Will Miracleman be hanging around with the Avengers? It's inevitable, says Tom Brevoort, Marvel Executive Editor/Senior Vice President of Publishing and Marvel's longest-standing employee in his latest Substack. Even though that will make it less special. Indeed he states that if Marvel had owned Watchmen, they'd have all been part of the Marvel Universe much sooner than they were at DC Comics.

It's all part of a much larger and worthy look at his job, his workload, the decisions he makes and just how cool he finds the comics he works on. Such as saying, "It's purely anecdotal evidence, but we got more mail in response to the first issue of Ryan North and Iban Coello's FANTASTIC FOUR launch than any other title in recent memory, most all of it overwhelmingly positive. So it seems as though the team struck a chord with their first smaller, more intimate outing". But Bleeding Cool is as Bleeding Cool does, and of course, we are going to grab the most headline-worthy aspect and blow it up big. To paraphrase Ben Elton's William Shakespeare in Upstart Crow, it's what we do.

So, asked about what might be happening with Miracleman at Marvel Comics, after Neil Gaiman and Mark Buckingham's The Dark Age storyline is finished, say, he writes, "We'll have to wait and see what the story is at any point where we decide to intermingle Miracleman with the mainstream Marvel Universe, but at first blush, I think it would be not so different from putting the WATCHMEN characters into the DC Universe. Which is to say, I think it made them less special. The thing that makes MIRACLEMAN noteworthy, which was also true for WATCHMEN, was that its world was consistent. That very structure was necessary for the conceit of both series: how the arrival of a super-powered individual would permanently distort the fabric of human society. While I suppose there's some fannish pleasure to be had in seeing Doctor Manhattan trade barbs with Superman or for Batman to face off against Rorschach, the fact is that, in the DC Universe, those characters just become another set of masks and tights in a veritable sea of them. Likewise, in the Marvel Universe, Miracleman would just be another Sentry, another Blue Marvel, another Hyperion—a guy who could go toe-to-toe with Thor but who wasn't intrinsically any more interesting in that context than that."

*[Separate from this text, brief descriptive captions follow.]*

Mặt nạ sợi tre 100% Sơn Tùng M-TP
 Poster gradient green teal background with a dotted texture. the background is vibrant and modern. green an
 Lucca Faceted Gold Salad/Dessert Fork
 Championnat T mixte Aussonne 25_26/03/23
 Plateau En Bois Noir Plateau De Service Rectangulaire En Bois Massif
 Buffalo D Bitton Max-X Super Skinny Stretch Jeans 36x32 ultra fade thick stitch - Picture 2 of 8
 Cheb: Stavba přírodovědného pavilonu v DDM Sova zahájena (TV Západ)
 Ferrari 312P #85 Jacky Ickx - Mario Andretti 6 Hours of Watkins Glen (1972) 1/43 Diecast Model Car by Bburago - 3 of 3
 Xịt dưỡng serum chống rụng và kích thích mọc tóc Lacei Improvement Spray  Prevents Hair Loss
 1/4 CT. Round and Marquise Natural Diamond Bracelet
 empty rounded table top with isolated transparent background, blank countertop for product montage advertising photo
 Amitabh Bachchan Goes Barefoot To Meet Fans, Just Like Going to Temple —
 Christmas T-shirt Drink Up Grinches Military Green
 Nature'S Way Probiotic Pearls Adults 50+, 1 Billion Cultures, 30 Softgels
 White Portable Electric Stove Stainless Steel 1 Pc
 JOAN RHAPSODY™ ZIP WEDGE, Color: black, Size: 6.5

In recent years, while Dan DiDio led with the Before Watchmen prequel stories, which had been prevented for years by the previous publisher Paul Levitz, it was Geoff Johns who led the charge integrating Watchmen into the DC Universe with DC Rebirth, The Button, Doomsday Clock and most recently Flashpoint Beyond, New Golden Age and Justice Society Of America. As a creator-owned series that DC Comics somehow has managed to find a loophole in the publishing contract to never return the rights to their owners, Alan Moore and Dave Gibbons, which is why Bleeding cool always referred to Doomsday Clock as an unauthorised sequel, it's a different situation with Miracleman, and Marvel has spent seven fugures making sure that everyone involved with the rights is okay with it.

After talking about some of the Watchmen prequels in detail, Tom Brevoort adds, "I personally don't think there's a whole lot of need for any WATCHMEN prequels (and the eventual comics did little to persuade me otherwise; I really only thought that Darwyn Cooke's MINUTEMEN was really worth the effort) but if Marvel had owned WATCHMEN, those characters would have been revived and folded into the Marvel Universe decades earlier, because they represent strong raw materials with a built-in audience. Plus, so long as doing so feels transgressive, readers are going to show up to see the car crash (even if they wind up liking it once they experience it.)"

Wolverine Vs Rorschach, it would have happened, and Tom Brevoort might have edited it! He concludes, "So I kind of think that it was inevitable, in the same way that it's likely similarly inevitable that we'll see Miracleman hanging around with the Avengers one of these days in some manner. So DC wasn't intrinsically wrong to do what they did, the only real quantifier was in how good the eventual comic books were. So if you liked BEFORE WATCHMEN and DOOMSDAY CLOCK, then it was worth doing, and if you don't, then it wasn't."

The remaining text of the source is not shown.